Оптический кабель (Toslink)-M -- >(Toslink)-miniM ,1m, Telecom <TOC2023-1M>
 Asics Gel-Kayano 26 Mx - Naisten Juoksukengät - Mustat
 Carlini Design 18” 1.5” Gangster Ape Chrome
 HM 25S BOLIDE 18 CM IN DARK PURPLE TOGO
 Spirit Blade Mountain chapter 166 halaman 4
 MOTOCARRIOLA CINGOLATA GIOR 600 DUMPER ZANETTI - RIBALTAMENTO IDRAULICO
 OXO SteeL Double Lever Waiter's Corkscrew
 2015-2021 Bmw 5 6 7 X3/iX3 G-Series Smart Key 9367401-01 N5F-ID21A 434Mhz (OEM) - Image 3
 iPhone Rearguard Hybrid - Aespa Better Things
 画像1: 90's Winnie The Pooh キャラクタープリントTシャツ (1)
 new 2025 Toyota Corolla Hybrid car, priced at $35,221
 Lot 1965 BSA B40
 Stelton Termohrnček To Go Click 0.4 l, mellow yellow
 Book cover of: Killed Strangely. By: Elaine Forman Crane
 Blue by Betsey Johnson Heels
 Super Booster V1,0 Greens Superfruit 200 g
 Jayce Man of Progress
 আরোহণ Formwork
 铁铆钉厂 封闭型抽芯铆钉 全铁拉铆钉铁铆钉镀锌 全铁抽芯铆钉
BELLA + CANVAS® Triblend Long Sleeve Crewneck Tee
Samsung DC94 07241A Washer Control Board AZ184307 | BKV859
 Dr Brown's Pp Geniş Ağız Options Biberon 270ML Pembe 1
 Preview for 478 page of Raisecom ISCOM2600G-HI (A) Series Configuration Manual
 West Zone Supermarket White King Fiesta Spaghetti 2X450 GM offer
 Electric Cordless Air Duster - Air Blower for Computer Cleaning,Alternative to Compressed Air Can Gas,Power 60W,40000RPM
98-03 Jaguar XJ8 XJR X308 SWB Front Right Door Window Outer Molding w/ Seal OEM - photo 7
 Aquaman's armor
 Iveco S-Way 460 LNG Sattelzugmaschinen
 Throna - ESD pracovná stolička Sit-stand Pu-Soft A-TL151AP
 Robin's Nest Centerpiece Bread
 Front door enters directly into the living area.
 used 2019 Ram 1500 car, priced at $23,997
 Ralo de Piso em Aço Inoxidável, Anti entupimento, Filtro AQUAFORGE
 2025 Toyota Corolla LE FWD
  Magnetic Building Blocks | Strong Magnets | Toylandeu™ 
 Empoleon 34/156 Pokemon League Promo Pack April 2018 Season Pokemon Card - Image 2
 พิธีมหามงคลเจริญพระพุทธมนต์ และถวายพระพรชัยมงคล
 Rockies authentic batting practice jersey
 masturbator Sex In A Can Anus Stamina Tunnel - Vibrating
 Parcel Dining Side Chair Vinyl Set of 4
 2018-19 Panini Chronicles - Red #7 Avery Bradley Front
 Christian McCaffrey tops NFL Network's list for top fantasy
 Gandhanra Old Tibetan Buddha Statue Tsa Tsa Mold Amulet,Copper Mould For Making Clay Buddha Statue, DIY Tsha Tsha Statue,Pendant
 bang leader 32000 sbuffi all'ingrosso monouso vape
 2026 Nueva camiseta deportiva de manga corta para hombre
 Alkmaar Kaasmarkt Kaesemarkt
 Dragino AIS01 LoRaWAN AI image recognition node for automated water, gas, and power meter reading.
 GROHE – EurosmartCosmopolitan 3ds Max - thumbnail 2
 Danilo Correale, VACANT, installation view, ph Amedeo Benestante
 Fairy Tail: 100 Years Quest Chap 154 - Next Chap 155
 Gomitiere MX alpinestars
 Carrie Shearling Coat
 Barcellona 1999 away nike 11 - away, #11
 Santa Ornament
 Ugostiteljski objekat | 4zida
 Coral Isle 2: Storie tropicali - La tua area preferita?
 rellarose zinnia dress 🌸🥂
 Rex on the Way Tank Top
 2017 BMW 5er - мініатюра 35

--

Directions
Your answer should be the lines above from the one containing "West Zone Supermarket" through the one containing "Rockies authentic batting practice jersey", copied exactly and with both ends kept.

Solution to this problem
 West Zone Supermarket White King Fiesta Spaghetti 2X450 GM offer
 Electric Cordless Air Duster - Air Blower for Computer Cleaning,Alternative to Compressed Air Can Gas,Power 60W,40000RPM
98-03 Jaguar XJ8 XJR X308 SWB Front Right Door Window Outer Molding w/ Seal OEM - photo 7
 Aquaman's armor
 Iveco S-Way 460 LNG Sattelzugmaschinen
 Throna - ESD pracovná stolička Sit-stand Pu-Soft A-TL151AP
 Robin's Nest Centerpiece Bread
 Front door enters directly into the living area.
 used 2019 Ram 1500 car, priced at $23,997
 Ralo de Piso em Aço Inoxidável, Anti entupimento, Filtro AQUAFORGE
 2025 Toyota Corolla LE FWD
  Magnetic Building Blocks | Strong Magnets | Toylandeu™ 
 Empoleon 34/156 Pokemon League Promo Pack April 2018 Season Pokemon Card - Image 2
 พิธีมหามงคลเจริญพระพุทธมนต์ และถวายพระพรชัยมงคล
 Rockies authentic batting practice jersey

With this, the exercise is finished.